I would like to just read something into the record, and then I have a question if my time allows me.
There have been a number of questions today regarding the letter from the Ethics Commissioner. I just want to read a letter to the honourable Navdeep Bains dated November 22:
Dear Mr. Bains: Further to your letters of October 18 and 31, 2006, I have considered your request to conduct an investigation into the conduct of the Honourable John Baird, President of the Treasury Board, on the alleged improper release of certain information to the media on the Ottawa North-South light rail project.
He goes on to say that:
The sections in the POH Code that you cited are related to the impropriety of a public office holder acting in a way that would inappropriately advance his or her own private interests or those of another person. The information you have provided in support of your allegations identifies the interest of Minister Baird as “political interest”. While the circumstances in a case may support a conclusion that an individual's political interest is also a private interest, for example, a Minister participating in a leadership campaign, this does not always hold true. In the present case, at least based on the information you provided, I am unable to conclude that there are reasonable grounds for believing that Minister Baird improperly furthered his or another person's private interest. [...] On the basis of the information you have provided in support of your request for an inquiry, I am unable to conclude, on reasonable grounds, that the POH Code applies to the allegations contained in your letters. Accordingly, please be advised that no examination of the events in question will be initiated. Cordially, Bernard J. Shapiro, Ethics Commissioner.

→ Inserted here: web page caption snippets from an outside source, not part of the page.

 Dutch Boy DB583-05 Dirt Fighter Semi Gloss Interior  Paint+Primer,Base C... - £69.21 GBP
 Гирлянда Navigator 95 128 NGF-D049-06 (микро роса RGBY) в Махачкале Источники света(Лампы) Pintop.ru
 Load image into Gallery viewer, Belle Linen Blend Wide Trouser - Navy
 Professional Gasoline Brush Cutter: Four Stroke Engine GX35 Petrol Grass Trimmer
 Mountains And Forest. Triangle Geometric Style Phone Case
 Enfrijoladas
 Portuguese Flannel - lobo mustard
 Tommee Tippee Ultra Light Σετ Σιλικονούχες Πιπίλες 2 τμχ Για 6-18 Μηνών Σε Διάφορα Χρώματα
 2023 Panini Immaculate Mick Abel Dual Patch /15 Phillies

I think that clarifies the fact that the Ethics Commissioner has in fact weighed in on this question.
The other point I'd like to come back to just for a moment is this question around the issue of penalties. It appears to me that at one point in October, there was some pressure exerted by council, or the previous mayor, on the federal government to sign by the middle of October or in fact there would be penalties forthcoming. But later Mr. Chartrand corrected the record, indicating that in fact the prices would remain in effect until December 14, in his statement in which he said there would be little exposure.

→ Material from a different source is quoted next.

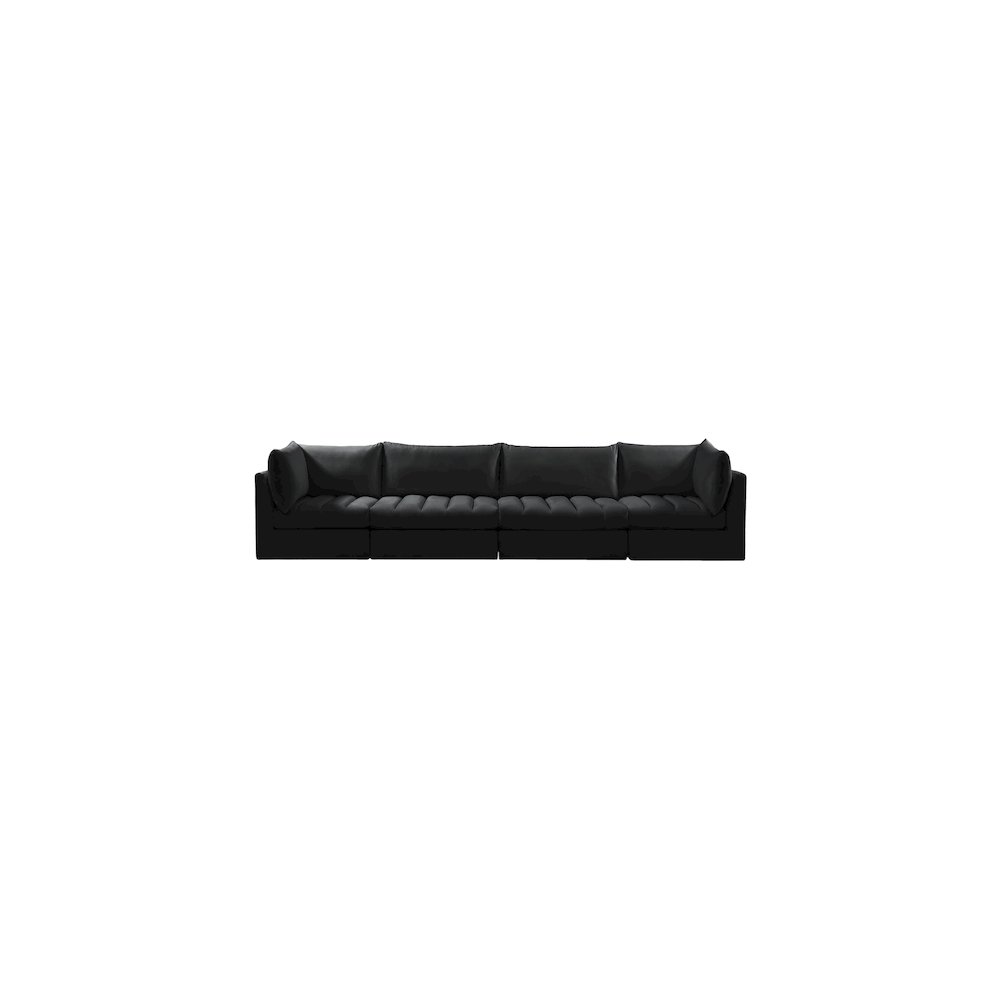 Jacob Black Velvet Modular Sofa. Picture 3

Mr. Kirkpatrick, you identified the fact that the 60-day extension wasn't the intent of the clause that was there. That may or may not be true, but it's hard for us at this point in history to determine what the intent was. The fact is that it was there. It was in the clause.
It seems strange to me that a council--which was very much aware that a municipal election was forthcoming and the date of that election--and the Ottawa LRT corporation, which was also very much aware of an impending municipal election, would not be more careful in articulating those possible extensions with the impending elections coming up. I find it confusing, trying to understand how these two groups with that kind of expertise and knowledge of the municipal process would not in fact have closed that door more securely if that was not their intent.